When Randa, a Palestinian-Jordanian friend living in Beirut, asked me where the camp was located I answered: "It stopped existing after the massacre in 1976."
"I know," she said. "But where was Tel al-Zaatar, and what happened to the land it was on?"
The same dream
I visited Camilia al-Khayata, a Palestinian in her 60s. She told me she saw her younger brother, Ibrahim, in her dreams the night before. Ibrahim went missing during the battles of Tel al-Zaatar.
Why doesn't the dream give me a few minutes so I can mend his clothes? |
She has had the same dream ever since he disappeared: She sees him returning from the horrendous massacres. His clothes are torn. She opens the door and he falls to the ground. Ibrahim is still 12 years old in her dreams, and despite being grateful for his visits Camilia wakes up terrified.
She cries: "Why doesn't the dream give me a few minutes so I can mend his clothes?"
While taking part in a training session in Dekwaneh, a suburb north of Beirut, I asked the other participants about Tel al-Zaatar camp, but they could not help me. Our young lecturer, who had a clear Lebanese accent that does not give away his affiliations or origin, approached me later when I was standing alone on the balcony.
"I am a Palestinian Christian, my family lost more than 40 members during the massacre of Tel al-Zaatar. My grandfather was one of the survivors, and he often spoke about the scenes of horror when the armed men stormed the camp.
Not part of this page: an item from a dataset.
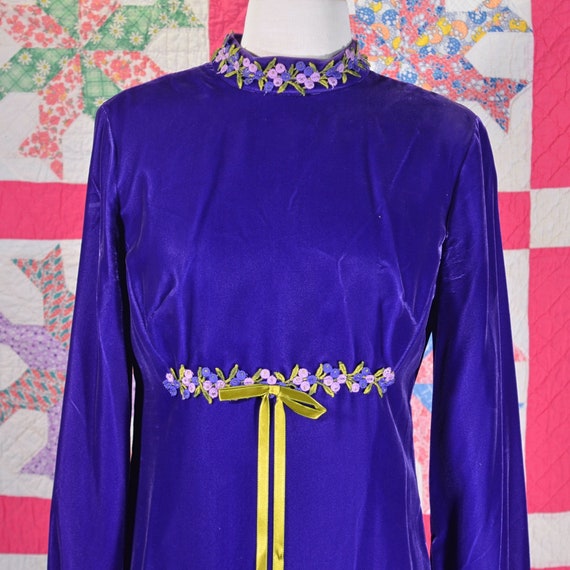 Vintage 60s Mod Purple Velvet Maxi Dress, Hippie … - image 1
"They took his youngest grandchild, who wasn’t even three months old, threw him in the air and fired at him like he was a bird in the sky," he said. I asked where the camp was located, and he turned around and returned to the room, signalling that we should end our conversation.
The journey begins
This is how my journey in search of Tel al-Zaatar began. I called Raeda who was excited about the idea, especially because her sister Reem and her boyfriend from the US, Eric, were visiting. The four of us agreed to meet on a sunny spring day, one of those beautiful Beirut days.
A traffic jam from central Beirut all the way to the museum keeps us company. Passing over the Fiat bridge until the Mkalles roundabout we reach Dekwaneh, on our right is an uphill road and on our left a furniture gallery that has shut down.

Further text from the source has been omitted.